Record extracts →
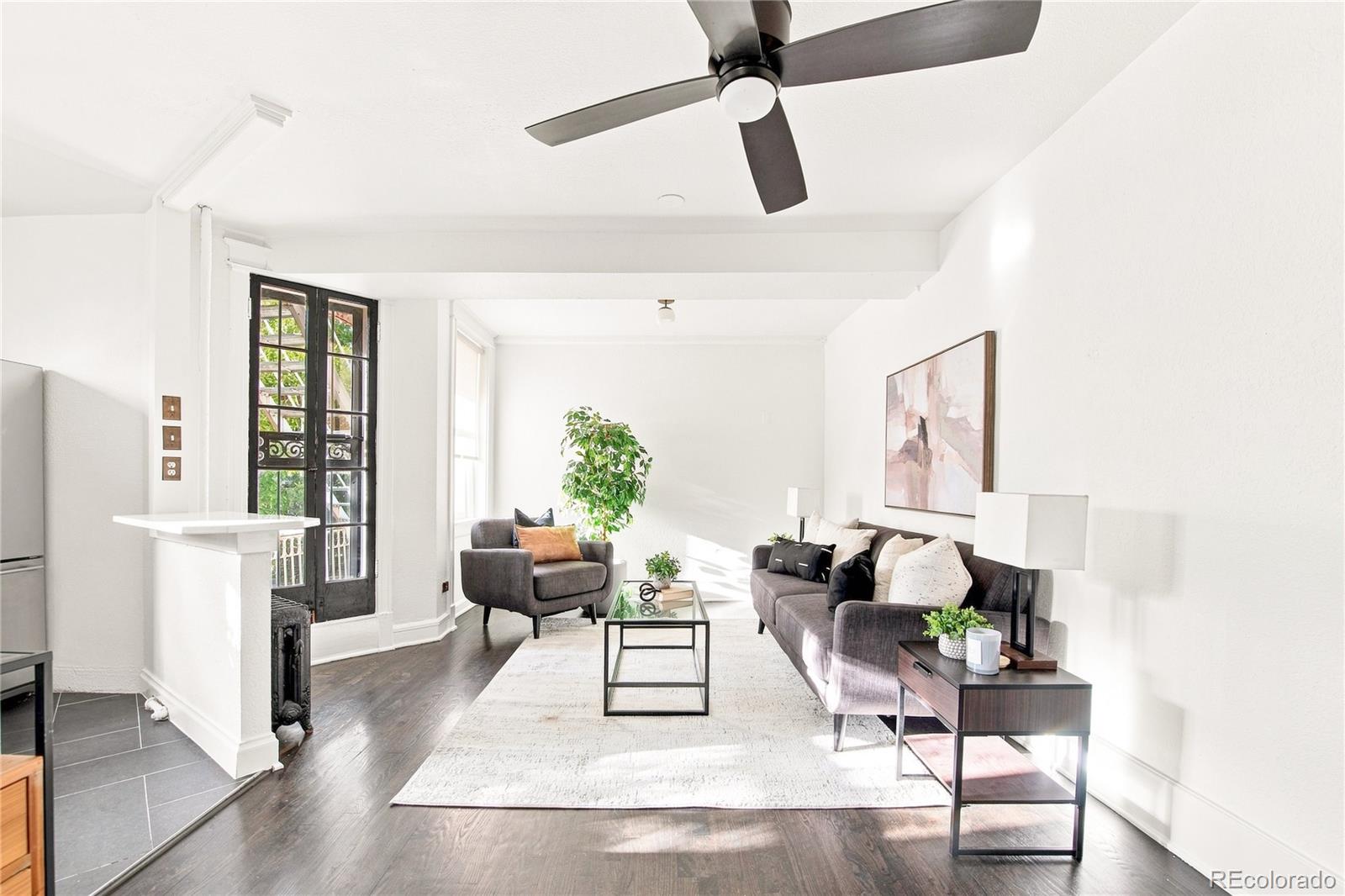 215 E 11th Avenue C2
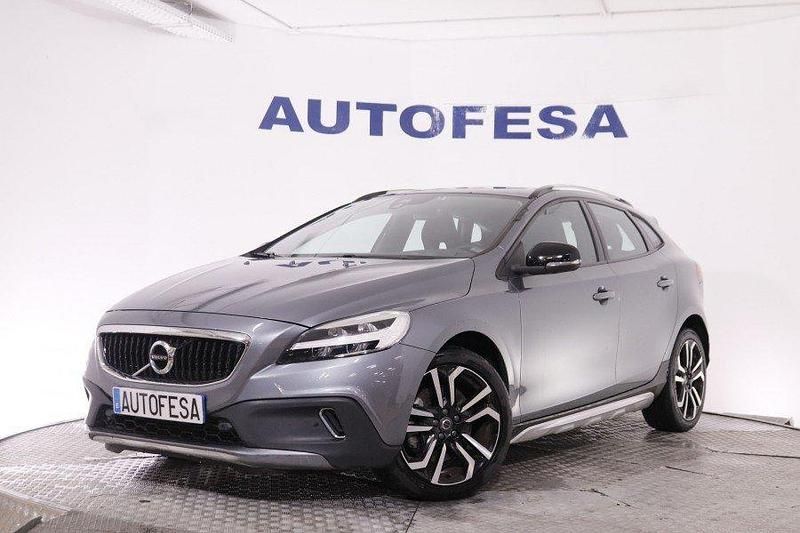 Usado Volvo V40 152 HP (111 kW) 2019 Cinzento Citadino
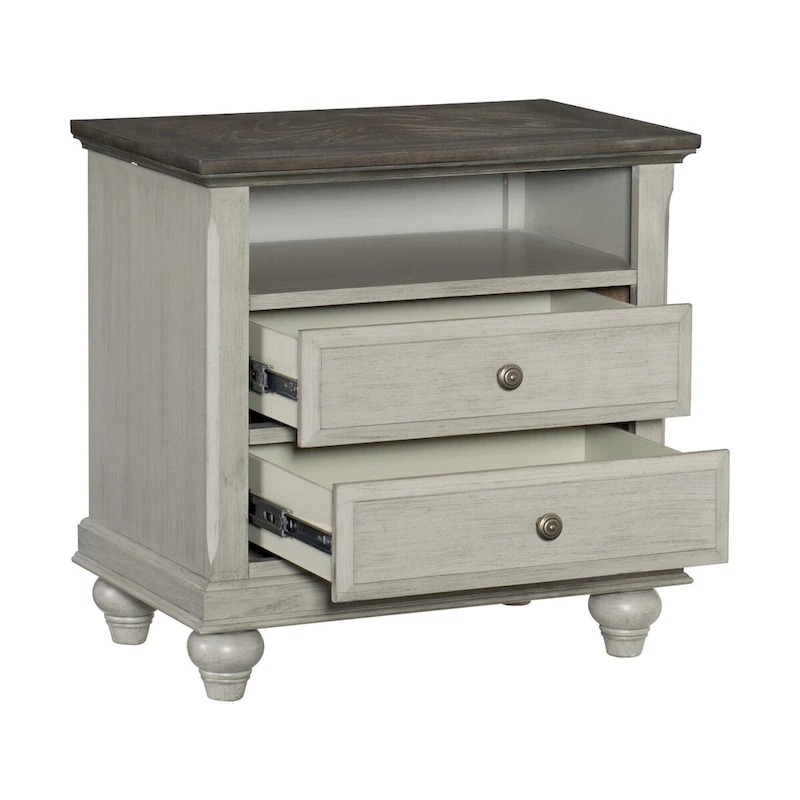 Light Gray Finish 3pc Bedroom Set Bed Chest Nightstand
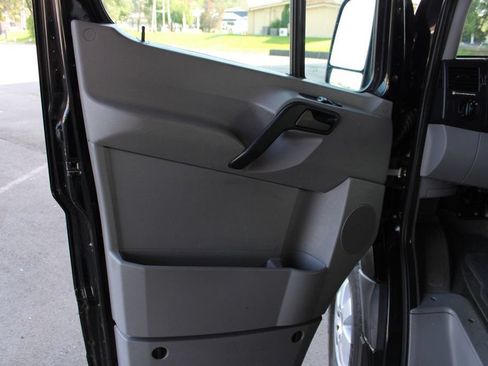 Used 2014 Mercedes-Benz Sprinter 2500 image 11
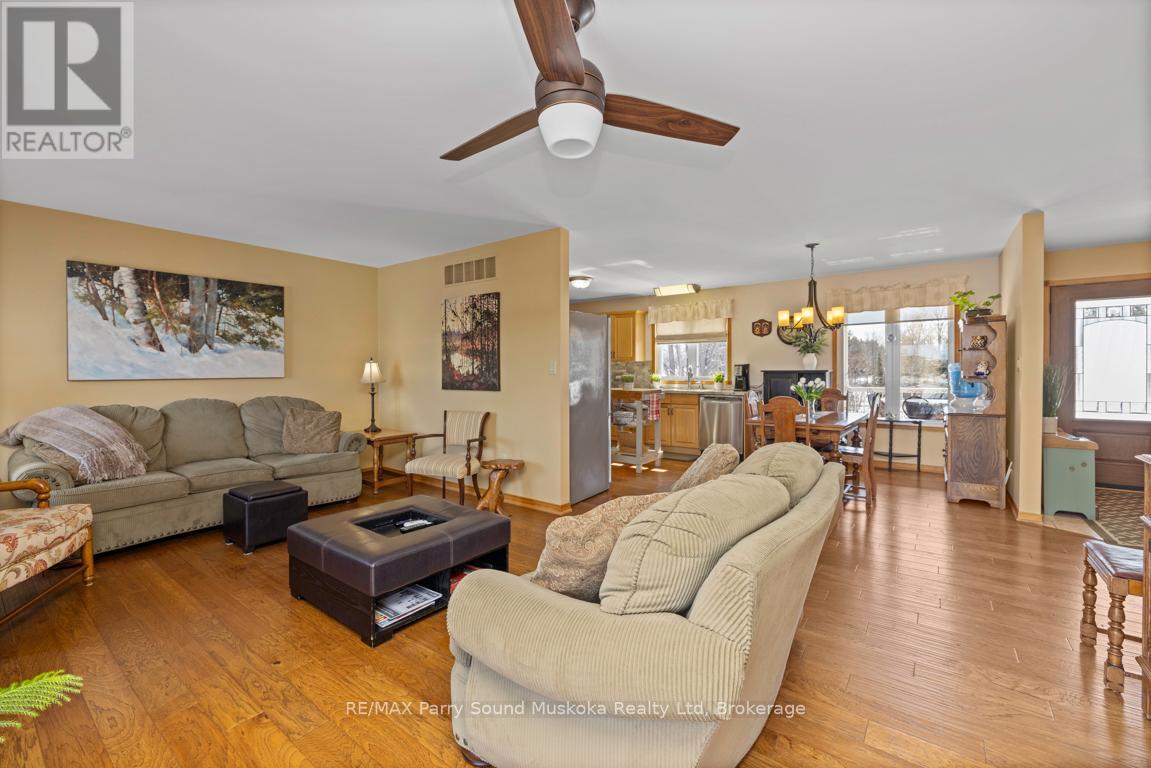 17 Martha Drive, Mckellar, Ontario  P0G 1C0 - Photo 14 - X12220099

What is expected →
Without altering anything, output all the lines above but none of the images.

Answer for the task →
 215 E 11th Avenue C2
 Usado Volvo V40 152 HP (111 kW) 2019 Cinzento Citadino
 Light Gray Finish 3pc Bedroom Set Bed Chest Nightstand
 Used 2014 Mercedes-Benz Sprinter 2500 image 11
 17 Martha Drive, Mckellar, Ontario  P0G 1C0 - Photo 14 - X12220099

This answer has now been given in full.